-- Opening Marker --
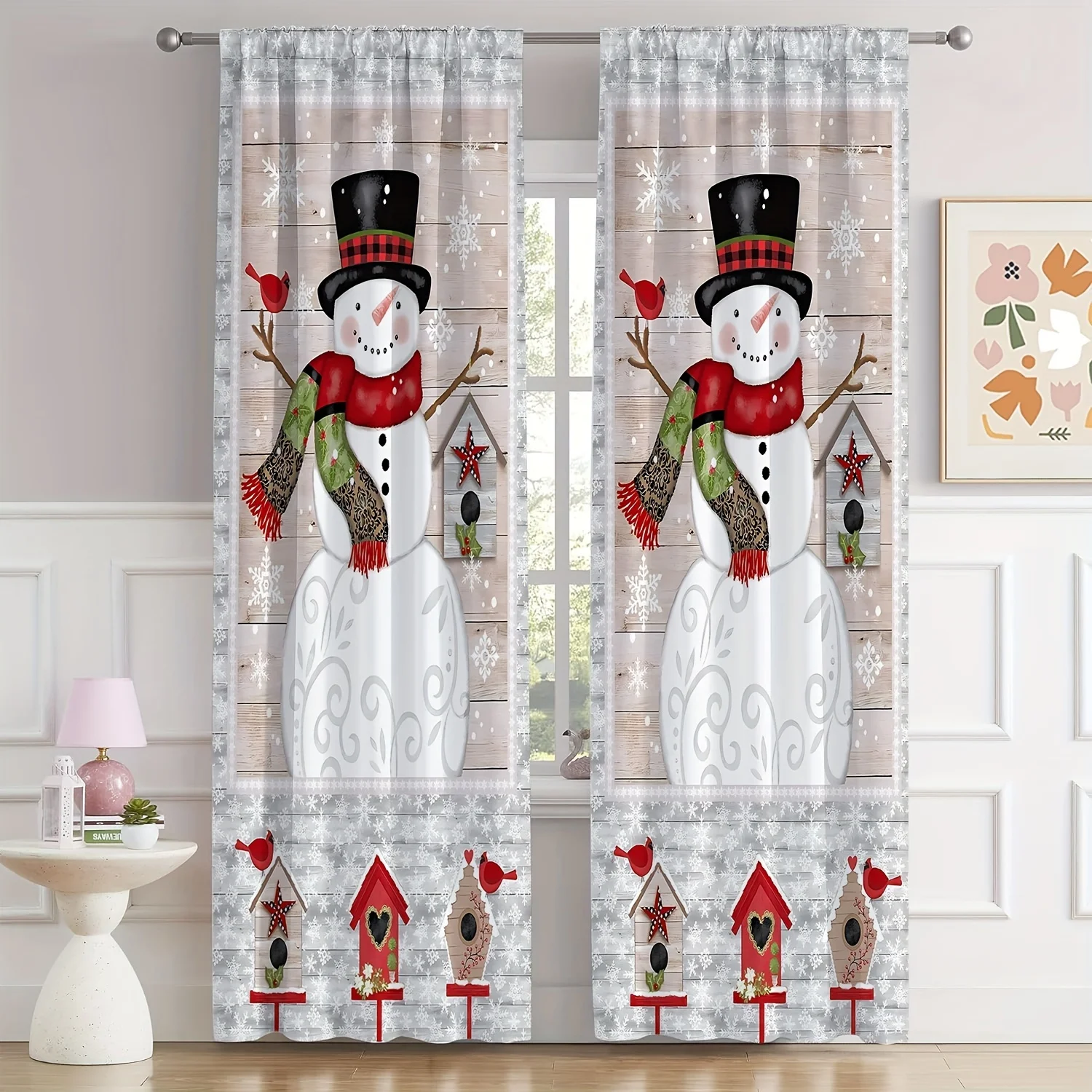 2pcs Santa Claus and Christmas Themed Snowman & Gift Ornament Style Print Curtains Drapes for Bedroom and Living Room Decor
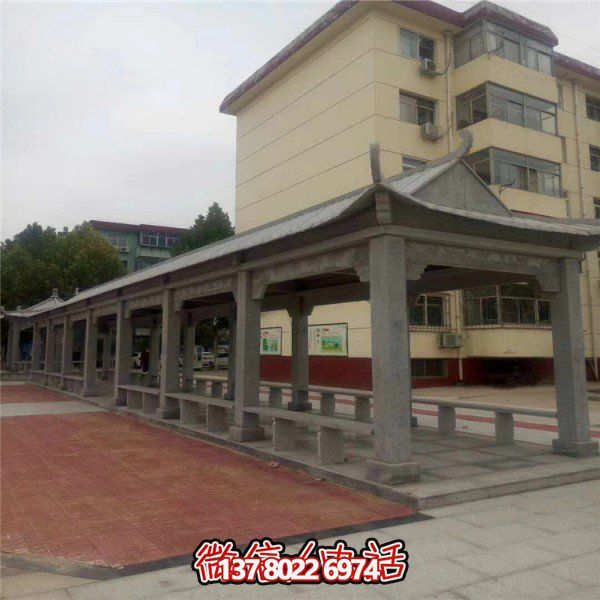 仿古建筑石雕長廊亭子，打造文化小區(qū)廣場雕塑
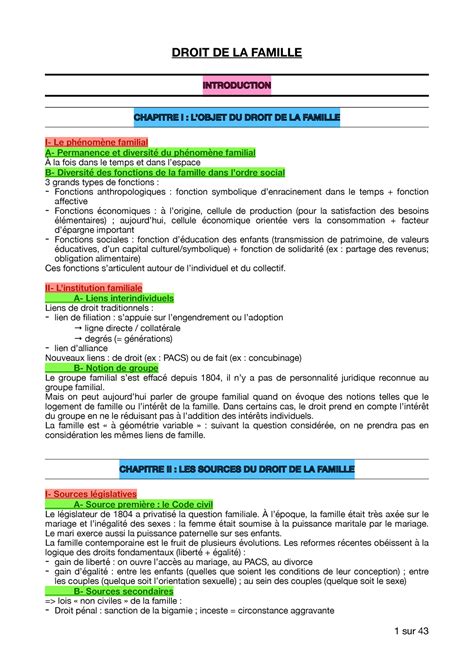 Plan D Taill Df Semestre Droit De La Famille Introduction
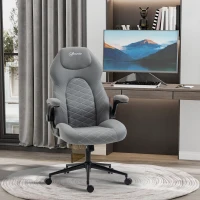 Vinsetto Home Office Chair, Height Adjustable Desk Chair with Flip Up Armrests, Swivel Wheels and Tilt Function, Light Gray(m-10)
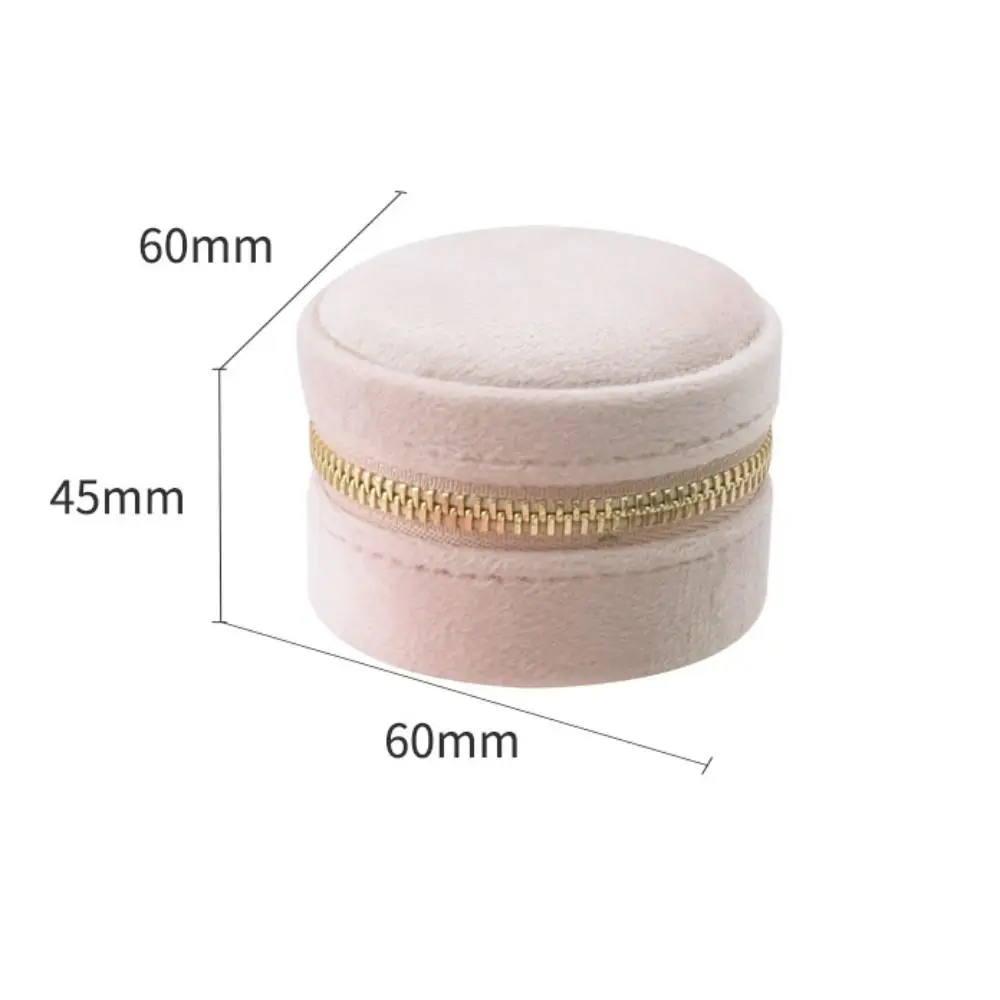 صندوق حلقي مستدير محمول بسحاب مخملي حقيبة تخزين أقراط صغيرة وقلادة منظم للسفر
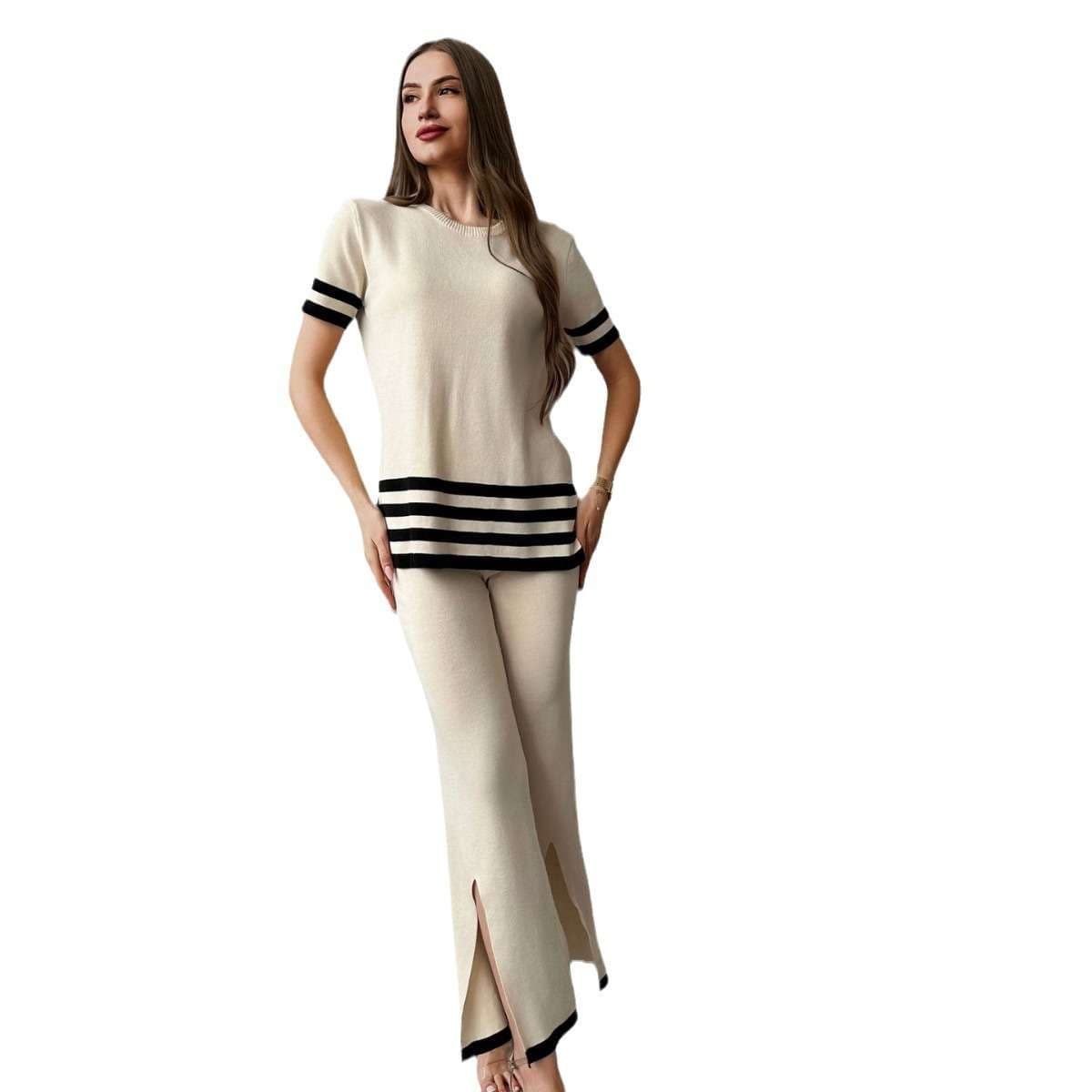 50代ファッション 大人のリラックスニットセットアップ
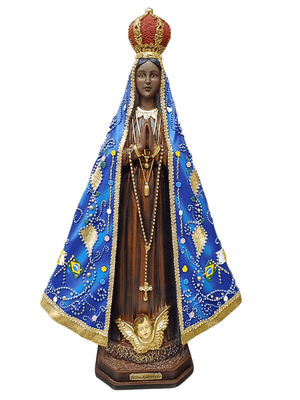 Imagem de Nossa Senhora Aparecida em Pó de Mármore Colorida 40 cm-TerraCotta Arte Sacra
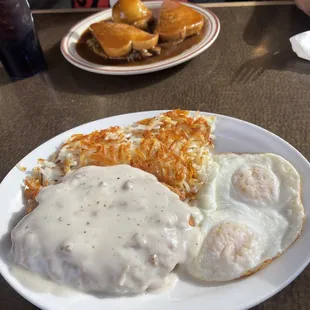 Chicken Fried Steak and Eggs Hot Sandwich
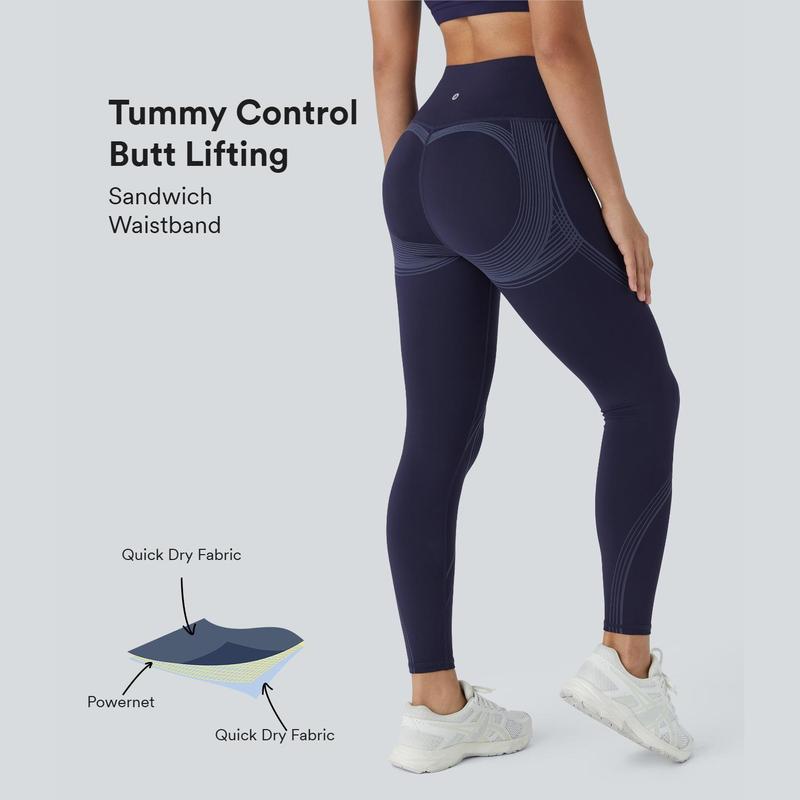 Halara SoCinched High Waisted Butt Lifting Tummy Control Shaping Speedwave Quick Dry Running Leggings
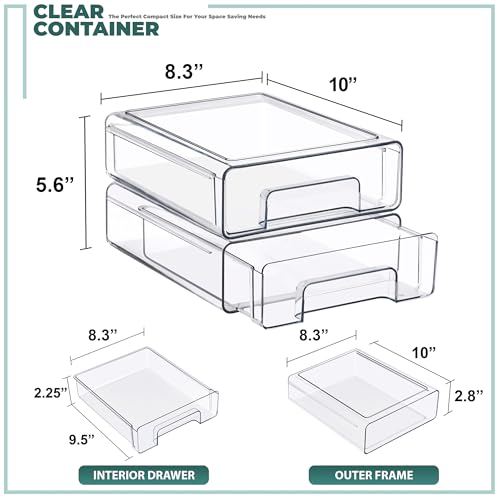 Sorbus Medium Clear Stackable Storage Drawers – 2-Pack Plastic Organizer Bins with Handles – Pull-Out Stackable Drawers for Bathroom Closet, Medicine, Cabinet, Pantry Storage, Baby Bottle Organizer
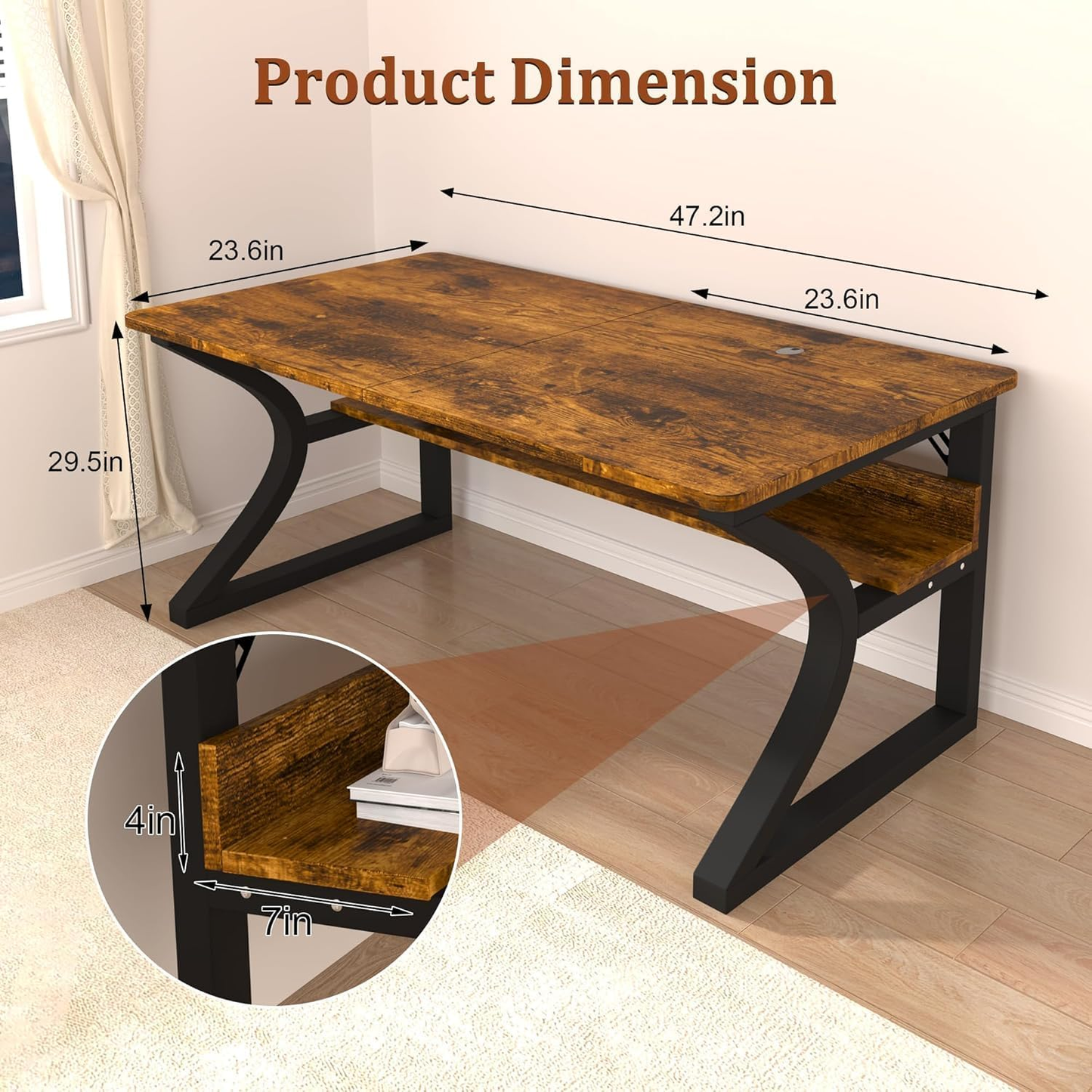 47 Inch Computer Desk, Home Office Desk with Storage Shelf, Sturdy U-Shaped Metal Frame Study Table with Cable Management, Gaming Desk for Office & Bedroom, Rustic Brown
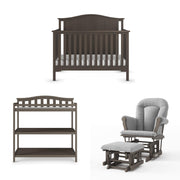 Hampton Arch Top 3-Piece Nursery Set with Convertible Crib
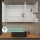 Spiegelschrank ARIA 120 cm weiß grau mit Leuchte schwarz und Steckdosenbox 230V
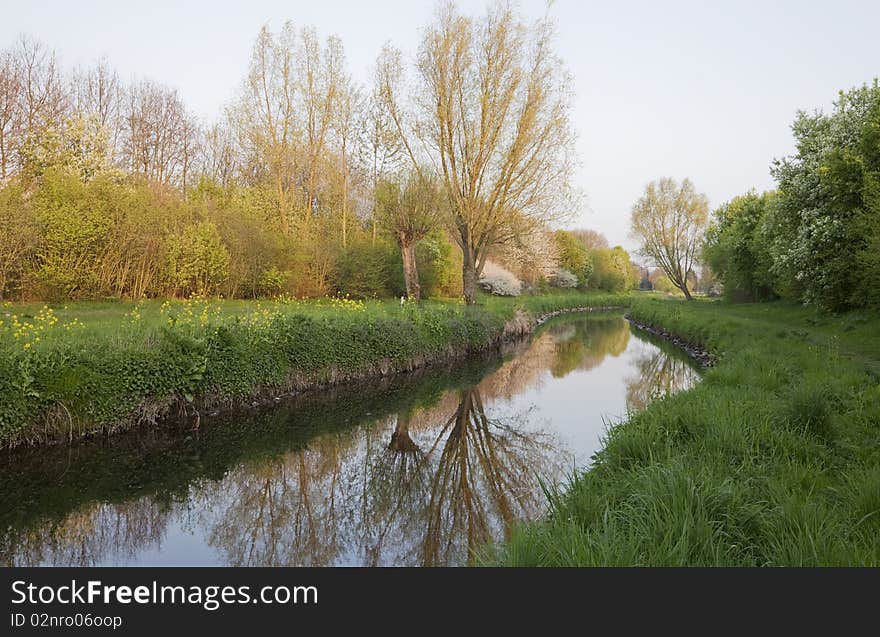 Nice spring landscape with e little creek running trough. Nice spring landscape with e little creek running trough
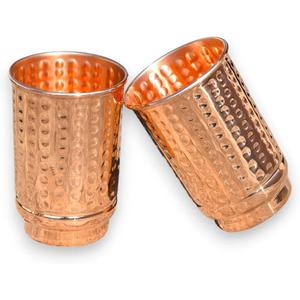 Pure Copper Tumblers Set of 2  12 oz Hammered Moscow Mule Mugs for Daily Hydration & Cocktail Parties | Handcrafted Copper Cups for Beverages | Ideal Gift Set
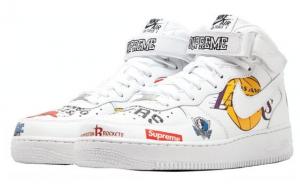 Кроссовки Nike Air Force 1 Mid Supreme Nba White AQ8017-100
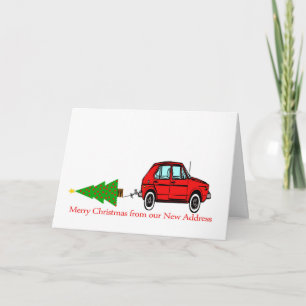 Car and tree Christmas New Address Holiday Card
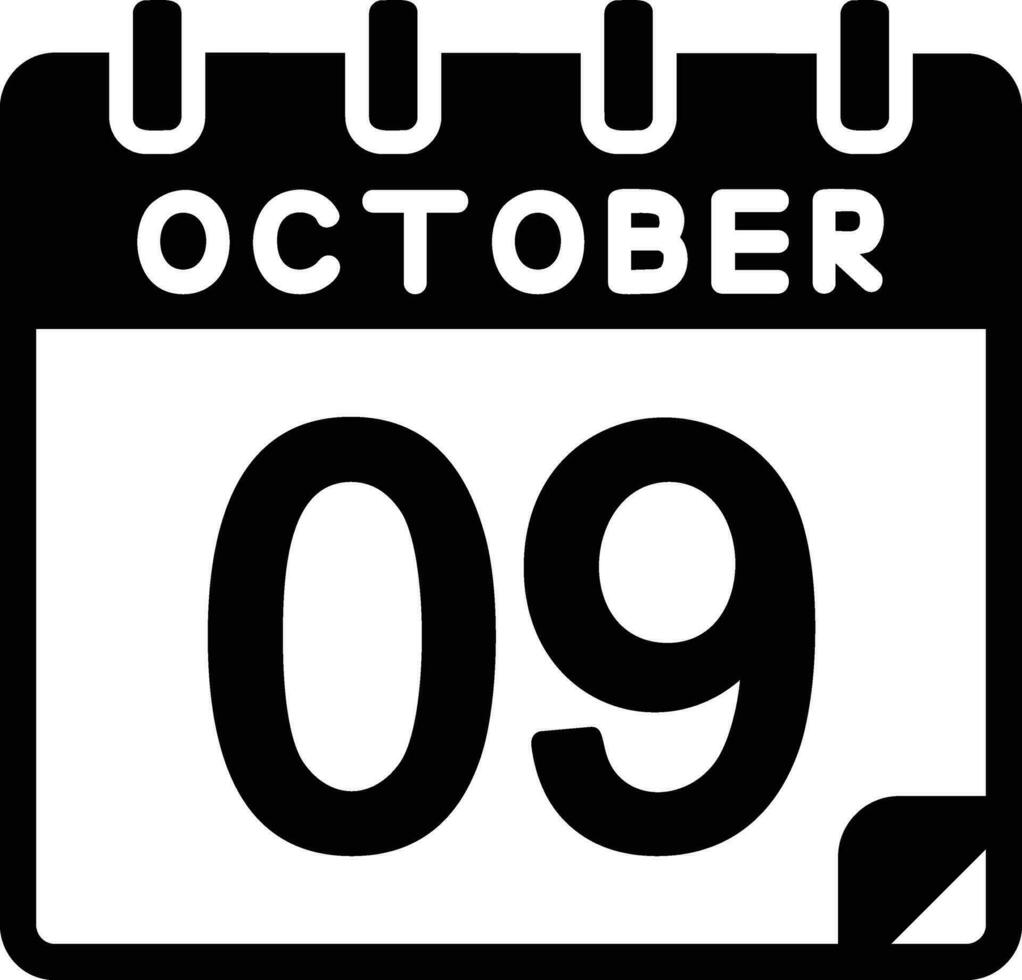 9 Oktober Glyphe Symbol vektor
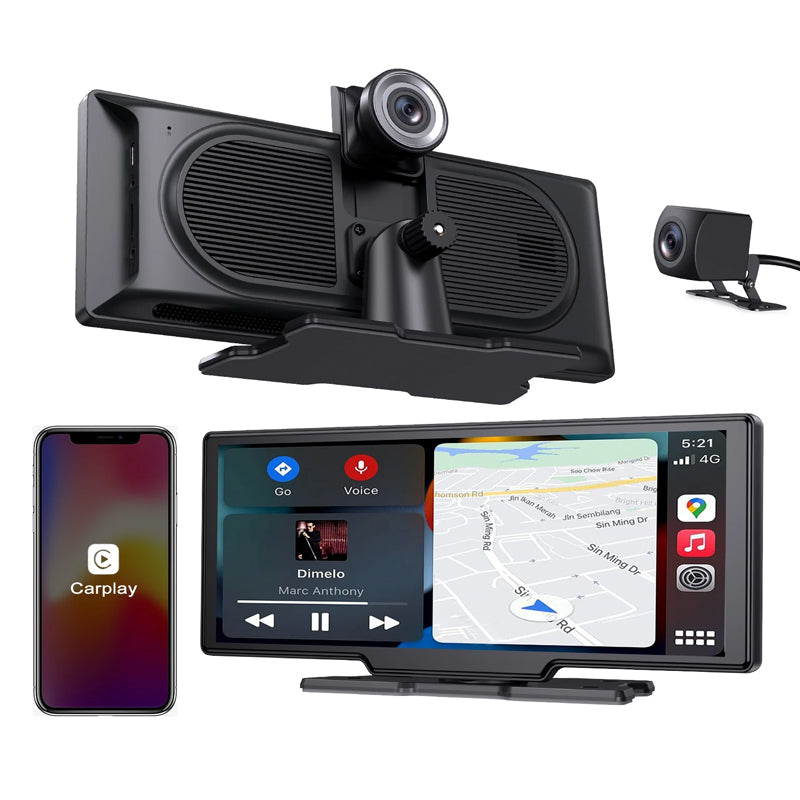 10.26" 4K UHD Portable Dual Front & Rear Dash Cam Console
-- Closing Marker --
# [PROBLEM TO WORK ON]
The entries are to be reproduced exactly, excluding any pictures they contain.

# [WORKED SOLUTION]
 2pcs Santa Claus and Christmas Themed Snowman & Gift Ornament Style Print Curtains Drapes for Bedroom and Living Room Decor
 仿古建筑石雕長廊亭子，打造文化小區(qū)廣場雕塑
 Plan D Taill Df Semestre Droit De La Famille Introduction
 Vinsetto Home Office Chair, Height Adjustable Desk Chair with Flip Up Armrests, Swivel Wheels and Tilt Function, Light Gray(m-10)
 صندوق حلقي مستدير محمول بسحاب مخملي حقيبة تخزين أقراط صغيرة وقلادة منظم للسفر
 50代ファッション 大人のリラックスニットセットアップ
 Imagem de Nossa Senhora Aparecida em Pó de Mármore Colorida 40 cm-TerraCotta Arte Sacra
 Chicken Fried Steak and Eggs Hot Sandwich
 Halara SoCinched High Waisted Butt Lifting Tummy Control Shaping Speedwave Quick Dry Running Leggings
 Sorbus Medium Clear Stackable Storage Drawers – 2-Pack Plastic Organizer Bins with Handles – Pull-Out Stackable Drawers for Bathroom Closet, Medicine, Cabinet, Pantry Storage, Baby Bottle Organizer
 47 Inch Computer Desk, Home Office Desk with Storage Shelf, Sturdy U-Shaped Metal Frame Study Table with Cable Management, Gaming Desk for Office & Bedroom, Rustic Brown
 Hampton Arch Top 3-Piece Nursery Set with Convertible Crib
 Spiegelschrank ARIA 120 cm weiß grau mit Leuchte schwarz und Steckdosenbox 230V
 Nice spring landscape with e little creek running trough. Nice spring landscape with e little creek running trough
 Pure Copper Tumblers Set of 2  12 oz Hammered Moscow Mule Mugs for Daily Hydration & Cocktail Parties | Handcrafted Copper Cups for Beverages | Ideal Gift Set
 Кроссовки Nike Air Force 1 Mid Supreme Nba White AQ8017-100
 Car and tree Christmas New Address Holiday Card
 9 Oktober Glyphe Symbol vektor
 10.26" 4K UHD Portable Dual Front & Rear Dash Cam Console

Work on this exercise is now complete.